> [Aim of the task] Every entry must be duplicated precisely as written.

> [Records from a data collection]
****************************************
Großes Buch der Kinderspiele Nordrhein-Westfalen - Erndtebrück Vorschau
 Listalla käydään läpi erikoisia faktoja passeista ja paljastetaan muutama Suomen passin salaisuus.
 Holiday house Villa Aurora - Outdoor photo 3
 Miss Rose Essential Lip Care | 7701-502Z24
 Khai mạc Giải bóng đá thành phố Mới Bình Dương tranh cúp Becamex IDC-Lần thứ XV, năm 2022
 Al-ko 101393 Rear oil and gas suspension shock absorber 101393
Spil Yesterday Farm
****************************************
> [Task result]
Großes Buch der Kinderspiele Nordrhein-Westfalen - Erndtebrück Vorschau
 Listalla käydään läpi erikoisia faktoja passeista ja paljastetaan muutama Suomen passin salaisuus.
 Holiday house Villa Aurora - Outdoor photo 3
 Miss Rose Essential Lip Care | 7701-502Z24
 Khai mạc Giải bóng đá thành phố Mới Bình Dương tranh cúp Becamex IDC-Lần thứ XV, năm 2022
 Al-ko 101393 Rear oil and gas suspension shock absorber 101393
Spil Yesterday Farm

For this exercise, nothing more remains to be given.